Step 1: Open pathway
- In the Network tab of the Control Panel at the top should be a text field with an icon at the left. Click on that icon and select WikiPathways. Search for "complement activation" (with quotes).
- Select the human Complement Activation pathway (WP545) and import the pathway as a network.
- A network with 39 nodes and 59 links is created.
Step 2: Extend network with drug-target interactions
- Download the DrugBank linkset (v5.2.0). Remember in which folder you downloaded the file.
- Go to "Apps → CyTargetLinker → Extend network"
- Fill in the following settings (for the "Select Link Sets" browse to the folder in which you downloaded the DrugBank file).
- Select to import only the DrugBank_v5.1.0.xgmml file.
- The resulting network contains 65 nodes and 167 links. 26 drugs (purple) and 108 drug-target interactions were added.
Step 3: Improve visualization
- By default, you only see the drug names. Go the Styles tab, and change the Label mapping column from "CTL.label" to "name". Then you will see the drug and gene names.

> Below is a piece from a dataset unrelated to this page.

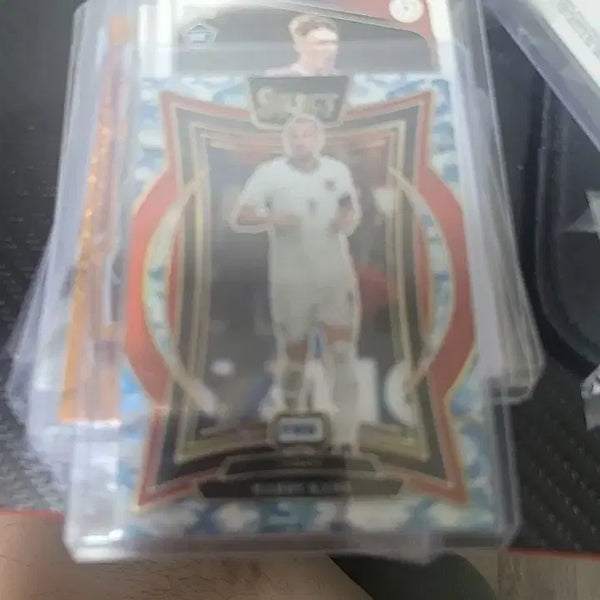[BUNJANG] Panini Select Harry Kane Limited Edition Soccer Card / 파니니 셀렉트 해리 케인 축구 카드 30한정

- Let's add the lung cancer gene expression from exercise 2 and visualize the log2FC on the gene nodes.
- Import expression data. First, we need to import the expression data for the new pathway network. Similar to the initial import, start by doing File → Import → Table from File. Select the lung-cancer-data-complete.xlsx file which contains also not significant genes. Make sure you select the correct Network collection which contains the extended network (Complement Activation - Homo sapiens_1). Change the Key Column for Network to Ensembl. Now select OK.

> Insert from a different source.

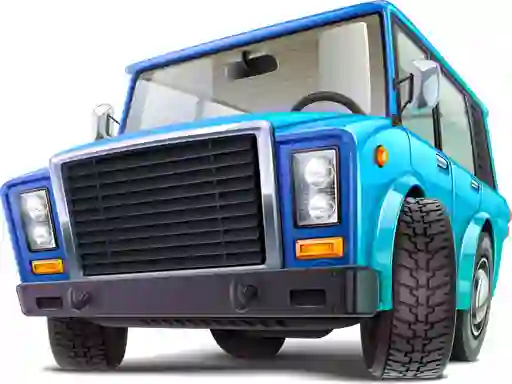 Laro Cartoon Trucks Puzzle online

- The new columns with the data will be added to the Node Table.
- Create color gradient for expression data. To show the expression data, go the Style tab of the Control Panel and click on the middle square (Map.) of the three Fill Color controls. Set the Column to "log2FC" and set the Mapping Type to "Continuous Mapping". Double-click on the gradient to show the Continuous Mapping Editor. The default gradient is a Blue/Red color gradient, with blue representing underexpressed genes and red representing overexpressed genes.
- To still see which nodes are drug nodes, create a mapping for the Shape attribute. Select the CTL.Type column and select a Discrete Mapping Type. Double click on the column next to drug and change the shape to a diamond shape.
Step 7: Examine the network.
- Are the genes in the complement activation pathway up- or down-regulated?
- Are there genes targeted by many drugs?
- You can copy the DrugBank identifier of a drug and go to the DrugBank website to find more information about the drug.